In my first year of college after getting back from Europe, I decided no law school for me—I was going to be a writer. I was and am a serious writer, having written the first novel of a trilogy at the age of twenty-seven about the Russian Revolution, after years of research. (War and Peace, of course, was just too brief.) Though the novel had a great plotline and characters, it read as dead as dead, and recognizing this I abandoned the book. Never again would I research something to death, and I would learn to write in my own voice. I set in for the long haul. I wrote for years (decades, actually) without trying to be published, but it 2005 I finished the first draft of a very good novel. Unfortunately, it needed a ton of work, and being broke, I needed to go back to work.

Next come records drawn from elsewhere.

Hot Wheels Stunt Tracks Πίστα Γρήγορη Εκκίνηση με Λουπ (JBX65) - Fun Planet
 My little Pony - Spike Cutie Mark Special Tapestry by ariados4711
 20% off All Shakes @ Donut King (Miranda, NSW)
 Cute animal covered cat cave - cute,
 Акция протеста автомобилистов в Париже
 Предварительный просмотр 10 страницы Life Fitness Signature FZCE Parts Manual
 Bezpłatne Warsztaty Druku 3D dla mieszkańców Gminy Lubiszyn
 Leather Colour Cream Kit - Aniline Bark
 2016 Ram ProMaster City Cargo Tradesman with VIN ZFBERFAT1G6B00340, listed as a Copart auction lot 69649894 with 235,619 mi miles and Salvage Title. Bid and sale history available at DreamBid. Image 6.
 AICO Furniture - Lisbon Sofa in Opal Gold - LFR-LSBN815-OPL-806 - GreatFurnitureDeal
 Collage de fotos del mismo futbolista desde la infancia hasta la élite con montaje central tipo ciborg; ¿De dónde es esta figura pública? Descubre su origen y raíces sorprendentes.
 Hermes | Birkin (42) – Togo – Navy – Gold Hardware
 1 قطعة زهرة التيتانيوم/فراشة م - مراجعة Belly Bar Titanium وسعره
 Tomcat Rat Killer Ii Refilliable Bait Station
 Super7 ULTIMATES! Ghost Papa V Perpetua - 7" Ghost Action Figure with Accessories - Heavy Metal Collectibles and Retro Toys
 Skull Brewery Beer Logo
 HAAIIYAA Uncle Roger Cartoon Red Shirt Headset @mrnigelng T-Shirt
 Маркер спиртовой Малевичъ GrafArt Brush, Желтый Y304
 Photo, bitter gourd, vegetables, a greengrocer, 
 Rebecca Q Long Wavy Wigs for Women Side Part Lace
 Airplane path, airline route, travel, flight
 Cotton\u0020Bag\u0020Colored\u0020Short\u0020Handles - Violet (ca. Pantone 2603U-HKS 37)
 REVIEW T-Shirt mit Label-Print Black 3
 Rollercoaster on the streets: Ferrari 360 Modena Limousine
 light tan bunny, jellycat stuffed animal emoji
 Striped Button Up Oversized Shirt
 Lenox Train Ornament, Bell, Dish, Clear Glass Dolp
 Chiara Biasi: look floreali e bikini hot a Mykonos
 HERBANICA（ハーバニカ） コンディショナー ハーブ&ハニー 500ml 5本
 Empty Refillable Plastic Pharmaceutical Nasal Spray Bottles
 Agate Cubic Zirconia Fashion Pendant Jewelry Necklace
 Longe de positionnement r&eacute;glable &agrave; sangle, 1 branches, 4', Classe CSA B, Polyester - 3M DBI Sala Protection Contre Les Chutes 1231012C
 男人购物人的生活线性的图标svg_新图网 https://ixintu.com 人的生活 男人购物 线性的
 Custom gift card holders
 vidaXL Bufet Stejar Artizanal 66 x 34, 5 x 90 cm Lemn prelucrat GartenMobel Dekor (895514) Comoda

By 2008, I was fired from a job because I didn’t fit in with the good old boy managers. However, I was well like by my coworkers and realized on the day after I was fired I’d never gotten a chance to tell them the bizarre story of my night alone at Stonehenge. I figured just for the hell of it, I’d write it as a short story and send it off to them. As I thought about how to present it, memories and the suggestion of friends who loved my stories and said I should write a book about them came flooding back. I’d always told my friends while I could tell a funny story, I had no idea how to write humor. As I thought about Stonehenge and other stories, things began to take shape, and by the end of the afternoon, the title “Hippie from Iowa” hit me and everything congealed. I was off the next day, writing—as I had learned over the years—by the seat of my pants.

I had concerns in the early going, wondering how long I could sustain the crazy energy level that it seemed to contain (and how long it would remain fresh with the reader), but it evolved in directions I never anticipated. I got out of the way and let it happen. I finished the first draft in four months, writing five to eight hours a day, five days a week. When you write by the seat of your pants, you find when you are at the end that there are a lot of false starts that don’t belong in the “story” that has evolved. So, you start cutting, sometimes vast tracts, even before you rewrite. The cutting and two more drafts took another three months. I then wasted my time for the next four months trying to get an agent before realizing the book was too different to be picked up, and nobody is interested in unpublished writers unless you are a celebrity. So, off to the world of indie publishing: six months of setting up the business, website, cover design, ISBNs, LCCNs, copyright, et al, along with five more major drafts and innumerable proofs. From the time my fingers first hit the keyboard until the book was printed took about eighteen months of fulltime work. Now I’m marketing … oh joy.